The Magic of Growing Dividends

If a company increases dividends by 8% annually, after 10 years your yield on cost doubles. After 20 years — it's 4x higher. This is powerful for building passive income.

Dividend Stocks on Warsaw Stock Exchange

The Polish market has many good dividend payers, especially in sectors:

Banks

PKO BP, Pekao, ING BSK — after years of reinvesting profits, Polish banks regularly pay dividends. Dividend yields 4-7%.

Energy and Fuels

Orlen — after consolidation with Lotos and PGNiG, stable dividends.
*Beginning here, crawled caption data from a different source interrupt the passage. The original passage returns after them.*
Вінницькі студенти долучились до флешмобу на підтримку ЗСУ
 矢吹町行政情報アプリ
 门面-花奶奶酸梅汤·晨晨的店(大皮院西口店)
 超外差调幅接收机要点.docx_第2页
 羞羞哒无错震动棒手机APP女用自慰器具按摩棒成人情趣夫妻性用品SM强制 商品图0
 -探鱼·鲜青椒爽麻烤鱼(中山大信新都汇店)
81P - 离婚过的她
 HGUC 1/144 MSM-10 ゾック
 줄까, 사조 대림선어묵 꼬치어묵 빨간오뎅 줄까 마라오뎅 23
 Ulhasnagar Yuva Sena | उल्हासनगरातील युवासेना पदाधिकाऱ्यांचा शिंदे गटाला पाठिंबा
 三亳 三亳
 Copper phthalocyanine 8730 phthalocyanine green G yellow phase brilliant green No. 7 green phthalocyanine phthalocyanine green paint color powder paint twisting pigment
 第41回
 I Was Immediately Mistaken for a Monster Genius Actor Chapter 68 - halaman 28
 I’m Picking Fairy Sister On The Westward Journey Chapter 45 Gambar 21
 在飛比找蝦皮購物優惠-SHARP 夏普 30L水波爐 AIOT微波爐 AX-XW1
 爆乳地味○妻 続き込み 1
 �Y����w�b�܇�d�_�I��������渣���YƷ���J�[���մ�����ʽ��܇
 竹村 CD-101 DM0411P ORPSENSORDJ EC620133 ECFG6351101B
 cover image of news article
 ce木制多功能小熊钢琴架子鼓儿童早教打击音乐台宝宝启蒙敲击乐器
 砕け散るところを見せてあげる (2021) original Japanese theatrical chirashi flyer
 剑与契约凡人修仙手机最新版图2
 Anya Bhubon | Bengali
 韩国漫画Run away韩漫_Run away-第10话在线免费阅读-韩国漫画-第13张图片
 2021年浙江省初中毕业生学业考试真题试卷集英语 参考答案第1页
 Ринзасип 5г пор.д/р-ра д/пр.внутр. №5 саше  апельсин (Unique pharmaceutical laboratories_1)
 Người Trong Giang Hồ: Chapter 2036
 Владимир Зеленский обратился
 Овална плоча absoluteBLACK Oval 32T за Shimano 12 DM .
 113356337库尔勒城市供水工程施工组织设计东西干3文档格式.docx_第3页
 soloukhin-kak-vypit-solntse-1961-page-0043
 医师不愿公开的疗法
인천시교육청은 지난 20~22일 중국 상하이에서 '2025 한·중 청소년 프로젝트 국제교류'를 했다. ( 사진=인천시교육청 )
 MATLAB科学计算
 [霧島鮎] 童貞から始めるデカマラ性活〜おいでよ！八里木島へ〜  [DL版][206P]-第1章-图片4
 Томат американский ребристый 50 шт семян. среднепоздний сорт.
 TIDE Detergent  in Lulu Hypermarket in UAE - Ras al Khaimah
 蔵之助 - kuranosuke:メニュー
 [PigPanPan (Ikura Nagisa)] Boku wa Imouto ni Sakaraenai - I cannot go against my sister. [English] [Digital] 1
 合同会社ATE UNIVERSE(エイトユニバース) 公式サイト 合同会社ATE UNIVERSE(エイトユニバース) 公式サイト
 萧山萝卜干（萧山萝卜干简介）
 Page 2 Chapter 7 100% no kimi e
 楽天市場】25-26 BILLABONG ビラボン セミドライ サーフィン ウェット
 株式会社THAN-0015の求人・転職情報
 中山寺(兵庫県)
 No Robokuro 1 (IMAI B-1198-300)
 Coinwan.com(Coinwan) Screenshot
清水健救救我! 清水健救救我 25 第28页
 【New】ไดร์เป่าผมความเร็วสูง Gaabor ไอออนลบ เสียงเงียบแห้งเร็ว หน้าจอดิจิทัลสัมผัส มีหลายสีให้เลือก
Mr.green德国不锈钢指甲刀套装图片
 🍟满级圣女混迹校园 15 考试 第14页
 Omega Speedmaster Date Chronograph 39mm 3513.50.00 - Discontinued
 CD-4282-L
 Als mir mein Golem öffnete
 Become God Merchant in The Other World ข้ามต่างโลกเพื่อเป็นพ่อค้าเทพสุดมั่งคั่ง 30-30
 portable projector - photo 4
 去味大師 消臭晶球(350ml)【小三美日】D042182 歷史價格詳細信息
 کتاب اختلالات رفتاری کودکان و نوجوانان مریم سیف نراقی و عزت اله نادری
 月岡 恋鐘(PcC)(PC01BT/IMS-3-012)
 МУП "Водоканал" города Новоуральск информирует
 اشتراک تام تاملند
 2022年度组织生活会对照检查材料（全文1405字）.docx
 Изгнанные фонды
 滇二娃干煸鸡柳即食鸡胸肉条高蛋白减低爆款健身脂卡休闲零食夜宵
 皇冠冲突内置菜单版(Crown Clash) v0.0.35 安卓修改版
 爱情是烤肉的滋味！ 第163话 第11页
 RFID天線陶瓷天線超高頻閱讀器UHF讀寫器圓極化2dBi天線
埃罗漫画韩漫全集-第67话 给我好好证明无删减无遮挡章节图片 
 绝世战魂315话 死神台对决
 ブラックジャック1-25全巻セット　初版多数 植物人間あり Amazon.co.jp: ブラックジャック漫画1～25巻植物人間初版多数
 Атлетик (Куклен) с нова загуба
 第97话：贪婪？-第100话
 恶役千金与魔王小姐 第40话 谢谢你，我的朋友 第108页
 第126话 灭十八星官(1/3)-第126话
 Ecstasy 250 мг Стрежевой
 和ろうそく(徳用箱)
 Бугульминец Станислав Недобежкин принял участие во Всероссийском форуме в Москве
KGHM — dividends depend on copper prices.

Insurance

PZU — one of the most stable payers on WSE, dividend yield 5-8%.

Real Estate Developers

Dom Development — high and growing dividend, but cyclical industry.

Dividend ETFs

If you don't want to pick individual stocks:

  • SPDR S&P US Dividend Aristocrats — US companies with 25+ years of dividend growth
  • Vanguard FTSE All-World High Dividend Yield — global high dividend yield companies
  • iShares Euro Dividend — European dividend companies

Remember: Dividend ETFs listed on foreign exchanges can be bought through IKE/IKZE (with brokers offering access to foreign markets).

Dividends and Taxes in Poland

Regular Account

You pay 19% capital gains tax on dividends. Brokers automatically withhold tax on Polish company dividends. For foreign ones — you need to consider withholding tax and potentially pay the difference.

IKE/IKZE

Dividends reinvested in IKE/IKZE are free from current taxation — the full amount continues working. This is a huge long-term advantage.

Foreign Dividends

US companies withhold 30% tax at source (or 15% after filing W-8BEN form). You can't recover this tax in IKE/IKZE — worth considering.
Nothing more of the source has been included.